C’est ici l’occasion de saluer le courage du censeur Amougou et de Fokou Hervé du Lycée Bilingue Sultan Njoya de Foumban, Nango Esaie du Lycée de Koupa,tous, victimes cette année de divers types de violence dans l’accomplissement de leurs devoirs.IMG-20171006-WA0039
Peut-on parler de liberté ou de l’autonomie des enseignants aujourd’hui dans notre pays lorsque sur une bonne partie de notre territoire, l’école est prise en otage pour des raisons qui lui sont étrangères ? L’école disait Villarceaux est le creuset où s’élabore l’avenir d’une génération, ainsi, que deviendra cette génération que l’on empêche aujourd’hui de fréquenter ? c’est le lieu d’attirer l’attention des parents sur fait que la meilleure arme contre les injustices dont ils se disent victimes, est l’école. C’est elle qui produira des avocats, des médecins, des enseignants, des économistes dont eux-mêmes et le pays ont tant besoin. Brûler une école, empêcher aux enfants de fréquenter, c’est briser des rêves et des vies, c’est enfoncer le pays sur plusieurs générations.

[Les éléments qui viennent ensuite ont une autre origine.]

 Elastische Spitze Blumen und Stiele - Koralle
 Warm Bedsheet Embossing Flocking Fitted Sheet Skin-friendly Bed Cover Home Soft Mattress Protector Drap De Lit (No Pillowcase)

L’enseignant peut-il être libre d’enseigner lorsque lui « jardinier des intelligences » comme l’affirmait Victor Hugo, est systématiquement écarté de l’élaboration des curricula d’enseignement ?
Est-il libre et autonome lorsqu’au détour d’une rentrée scolaire, il peut découvrir pantois que l’œuvre qu’il doit étudier avec ses élèves glorifie l’infidélité, célèbre la malhonnêteté, magnifie la paresse ou acclame la médiocrité ?
Comment l’enseignant peut-il être libre lorsque plus d’un mois après la rentrée scolaire, il n’a point reçu le fameux paquet minimum ?
Comment ces enseignants dits « maîtres des parents », chefs de famille et formés à coûts de centaines de milliers de fcfa des sacrifices des parents et de l’Etat peuvent-ils être libres et autonomes lorsqu’ils sont contraints d’enseigner bénévolement espérant un éventuel recrutement à la fonction publique et qui n’arrive que très rarement pour les plus chanceux?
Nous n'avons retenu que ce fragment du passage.